◆ DATA BLOCK
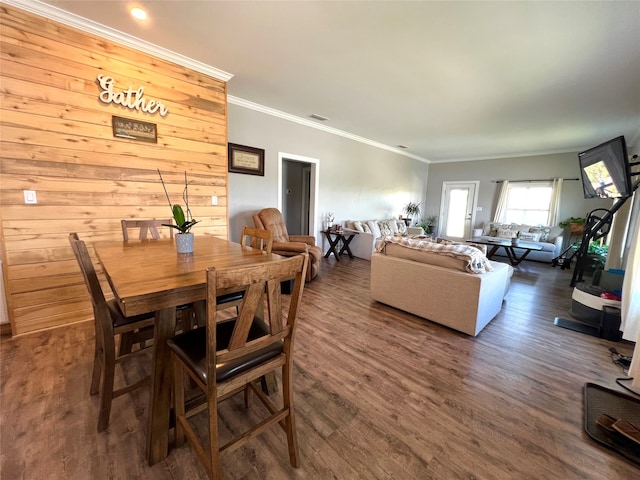 dining space with ornamental molding, dark wood-type flooring, and wooden walls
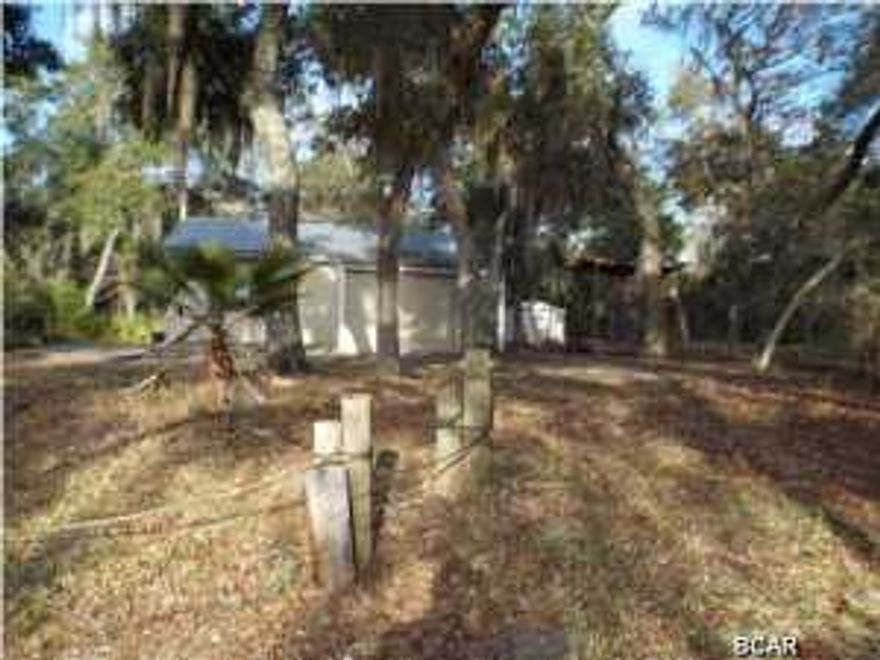 REDUCED!!!! Two Bedroom One bathroom cottage with shed in Alligator Point offered as is. The property is close to the boat launch and Bald Point State Park and is perfect as a vacation retreat. All sizes are approximate please verify accordingly.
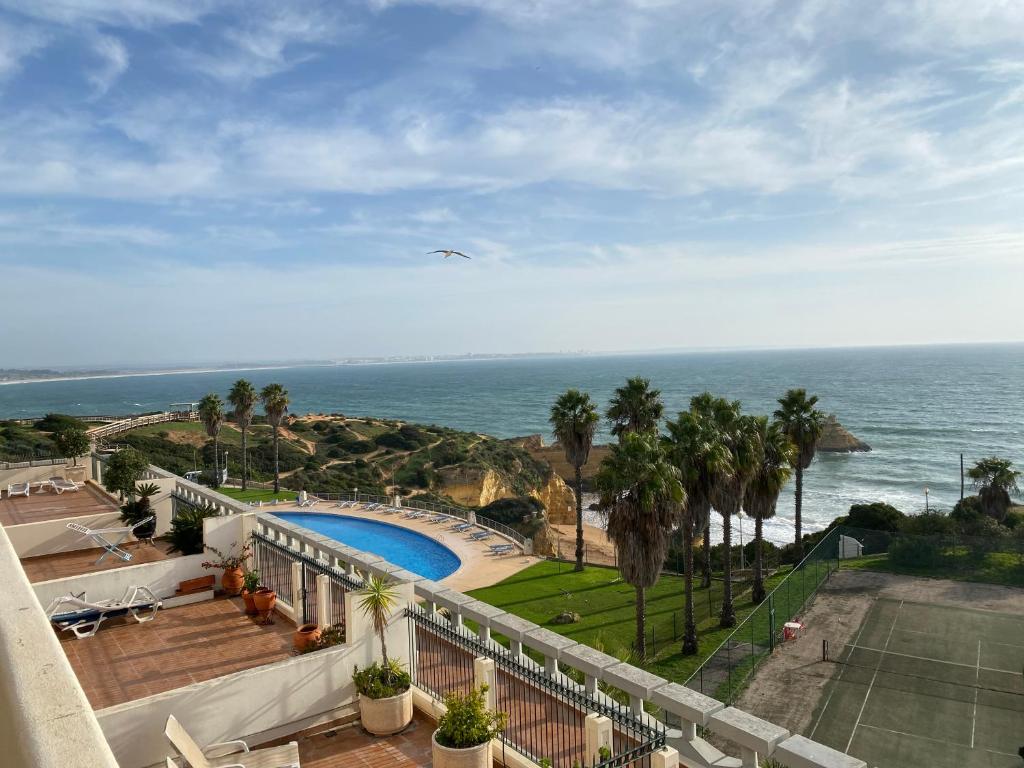 a view of the ocean from the balcony of a house at Silver Moon Beach House in Lagos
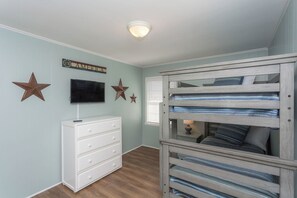 A bedroom with a bunk bed, a dresser, and wall decorations including stars and a sign. - Chez Nous - Classic 3BR Oceanfront Home with Modern Updates (Surf City)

◆ EXERCISE DETAILS
Only the lines from the one that holds "REDUCED!!!! Two Bedroom" through the final line of the material should be reproduced, word for word, with the pictures omitted.

◆ YOUR RESPONSE
 REDUCED!!!! Two Bedroom One bathroom cottage with shed in Alligator Point offered as is. The property is close to the boat launch and Bald Point State Park and is perfect as a vacation retreat. All sizes are approximate please verify accordingly.
 a view of the ocean from the balcony of a house at Silver Moon Beach House in Lagos
 A bedroom with a bunk bed, a dresser, and wall decorations including stars and a sign. - Chez Nous - Classic 3BR Oceanfront Home with Modern Updates (Surf City)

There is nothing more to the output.